Choose a longer route

This is the decision with the single biggest impact on your summit odds. A 7-day Machame gives a 90%+ success rate. An 8-day Lemosho or 9-day Northern Circuit gives more. A 5-day Marangu gives 65%. The extra days are acclimatisation days — days your body spends at altitude, adapting. No amount of fitness compensates for insufficient acclimatisation time. If you are choosing between a shorter and longer route, choose longer. Every time.

10

Choose an operator who will tell you to go down

The best safety decision you can make is choosing guides who will descend with you before the summit if they judge it necessary. Some operators push all clients to continue because turnarounds are bad for marketing. Our guides have descended with clients when they needed to and refused to apologise for it — the client's safety is the non-negotiable. Ask any operator you consider how they handle a climber who is struggling at 5,000m. The answer tells you everything.

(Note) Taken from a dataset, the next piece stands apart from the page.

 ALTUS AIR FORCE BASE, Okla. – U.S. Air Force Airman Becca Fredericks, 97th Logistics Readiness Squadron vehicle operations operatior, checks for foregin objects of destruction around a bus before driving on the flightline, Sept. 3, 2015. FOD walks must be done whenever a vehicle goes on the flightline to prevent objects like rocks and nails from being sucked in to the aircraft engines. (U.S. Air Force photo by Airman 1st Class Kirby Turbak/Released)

Summit celebration at Uhuru Peak — the moment all 10 tips come together
Uhuru Peak at sunrise — the result of pole pole, hydration, and choosing the right route

Choose Your Route

Tips 9 and 10 point to route and operator. Explore the six routes to find the right acclimatisation profile for your timeline.

Summit night on Kilimanjaro — stars above the glaciers on the way to Uhuru Peak
The summit approach under a cloudless sky — tip #8: play the mental game before you get here

Summit Questions

What percentage of climbers reach the Kilimanjaro summit?
Industry-wide, approximately 55–65% of climbers reach Uhuru Peak. With Mount Kilimanjaro Climb, our rate is 95%. The difference is almost entirely route selection (longer routes with better acclimatisation profiles) and pace discipline on summit night. Fitness matters, but it is not the deciding factor for most climbers who turn back.
What is the hardest part of climbing Kilimanjaro?
Summit night — the midnight push from Barafu Camp (4,673m) to Uhuru Peak (5,895m). You start at midnight in temperatures of -10 to -20°C, walking for 6–8 hours on broken sleep at extreme altitude. By 5,500m most climbers feel the full weight of altitude. The summit is won or lost in the 2 hours between Stella Point and Uhuru Peak.
How do you avoid altitude sickness on Kilimanjaro?
Choose a longer route (7–8 days), drink 3–4 litres of water per day, walk at pole pole pace, and discuss Acetazolamide (Diamox) with a doctor before your climb. No strategy eliminates altitude risk entirely, but longer acclimatisation profiles on routes like Lemosho and Northern Circuit significantly reduce the probability of severe AMS. Our guides monitor oxygen saturation every morning and evening above 3,500m.
Do you need a guide to climb Kilimanjaro?
Yes. Kilimanjaro National Park regulations require all climbers to be accompanied by a licensed guide. Beyond the legal requirement, an experienced guide is genuinely the most important factor in summit success — they set the pace, monitor your health, make the call to descend if needed, and have the experience to read altitude symptoms before they become emergencies.